*** RECORDS SUPPLIED ***
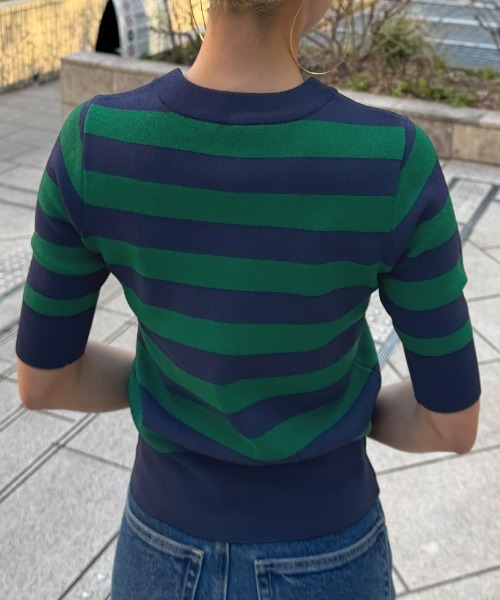 JENNE（ジェンヌ）の「カーディガン風サマーボーダーニット（ニット/セーター・レディース・グリーン/ブラック・SMALL/MEDIUM/LARGE）」の20枚目の写真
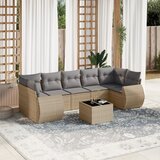 Maison Chic Seti vrtnega pohištva - Vrtna garnitura - Vrtni pohištvo set 8-delna z blazinami bež poli ratan, (21799782) | Shoptok.si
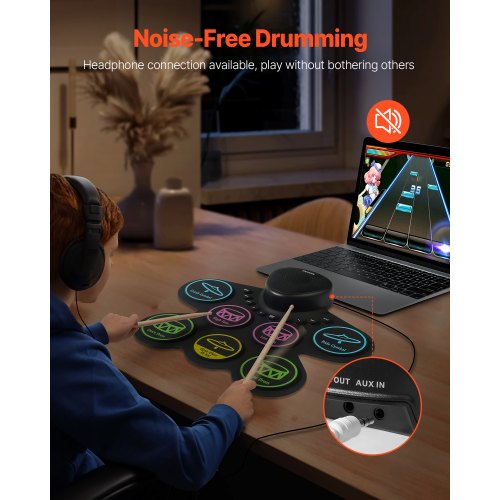 Eltrumset 7-pads Barntrumset med Hörlursuttag Pedaler Högtalare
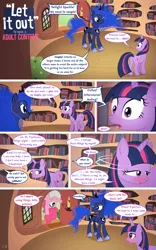 Size: 800x1280 | Tagged: suggestive, artist:syoee b, derpibooru import, pinkie pie, princess luna, twilight sparkle, alicorn, earth pony, pony, unicorn, comic:let it out, blushing, comic, female, golden oaks library, implied masturbation, lesbian, lunapie, mare, shipping, show accurate, show accurate porn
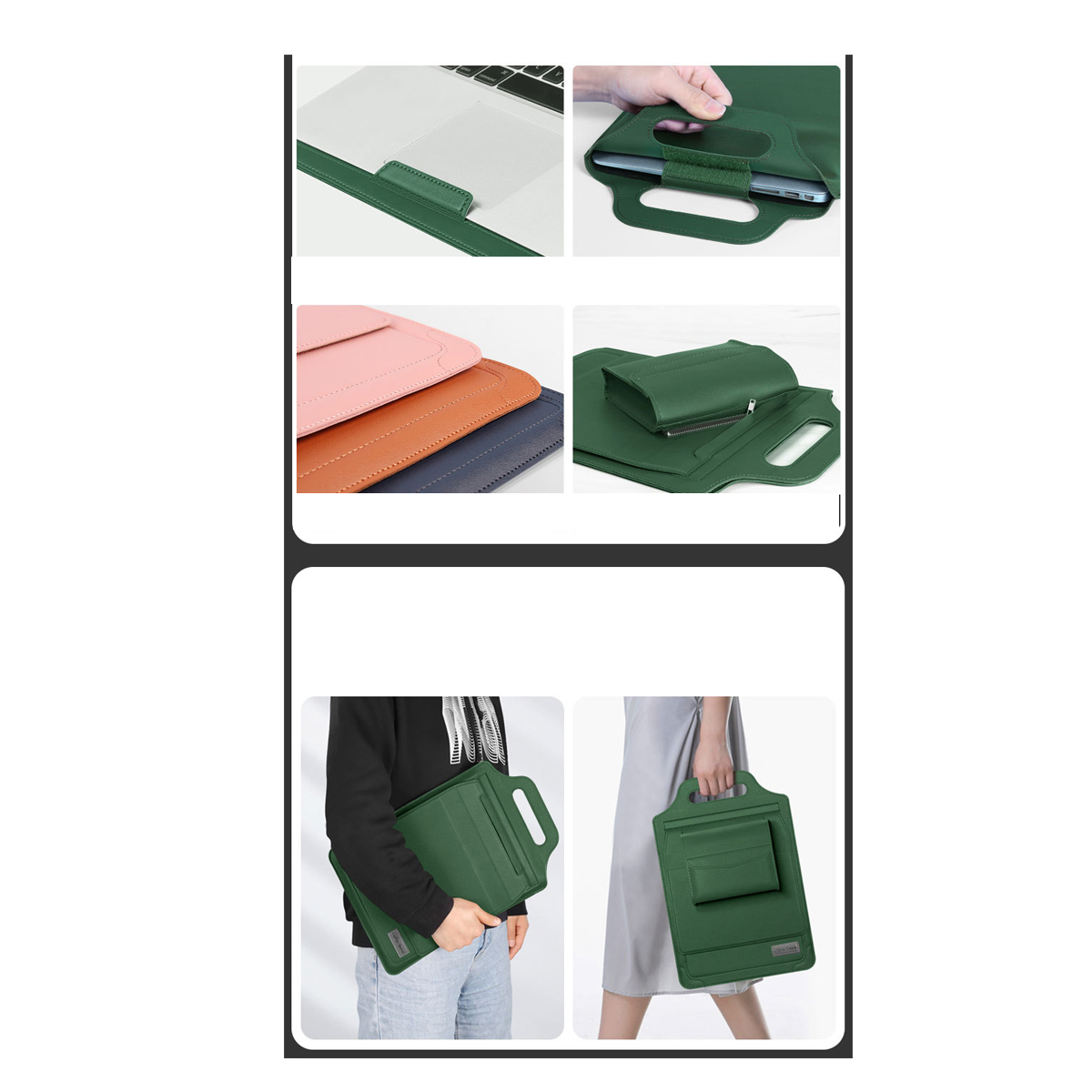 16" Laptop Sleeve with Handbag and Phone Stand 4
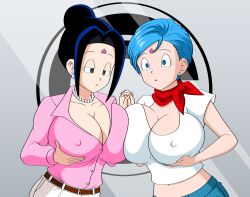 absurdres breast_grab breast_press breasts bulma_briefs chichi cleavage dragon_ball empty_eyes expressionless femsub holding_breasts holding_hands huge_breasts hypnotic_accessory jimryu microchip milf symmetrical_docking tech_control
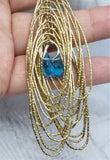 Gold Hoops Chandelier Earrings with Aqua Swarovski Crystals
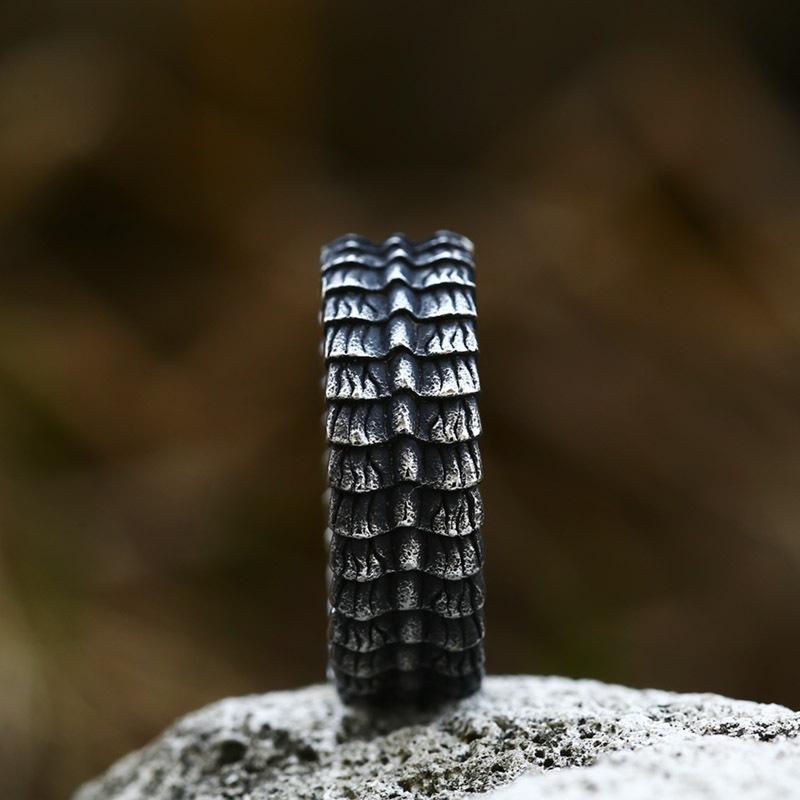 New Keel Retro Pattern Simple Versatile Ring Men's Index Finger Ring Dragon Scale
*** End of RECORDS SUPPLIED ***
PROBLEM DESCRIPTION - Transcribe all the data word for word; the images stay out.

COMPLETED TASK -
 JENNE（ジェンヌ）の「カーディガン風サマーボーダーニット（ニット/セーター・レディース・グリーン/ブラック・SMALL/MEDIUM/LARGE）」の20枚目の写真
 Maison Chic Seti vrtnega pohištva - Vrtna garnitura - Vrtni pohištvo set 8-delna z blazinami bež poli ratan, (21799782) | Shoptok.si
 Eltrumset 7-pads Barntrumset med Hörlursuttag Pedaler Högtalare
 Size: 800x1280 | Tagged: suggestive, artist:syoee b, derpibooru import, pinkie pie, princess luna, twilight sparkle, alicorn, earth pony, pony, unicorn, comic:let it out, blushing, comic, female, golden oaks library, implied masturbation, lesbian, lunapie, mare, shipping, show accurate, show accurate porn
 16" Laptop Sleeve with Handbag and Phone Stand 4
 absurdres breast_grab breast_press breasts bulma_briefs chichi cleavage dragon_ball empty_eyes expressionless femsub holding_breasts holding_hands huge_breasts hypnotic_accessory jimryu microchip milf symmetrical_docking tech_control
 Gold Hoops Chandelier Earrings with Aqua Swarovski Crystals
 New Keel Retro Pattern Simple Versatile Ring Men's Index Finger Ring Dragon Scale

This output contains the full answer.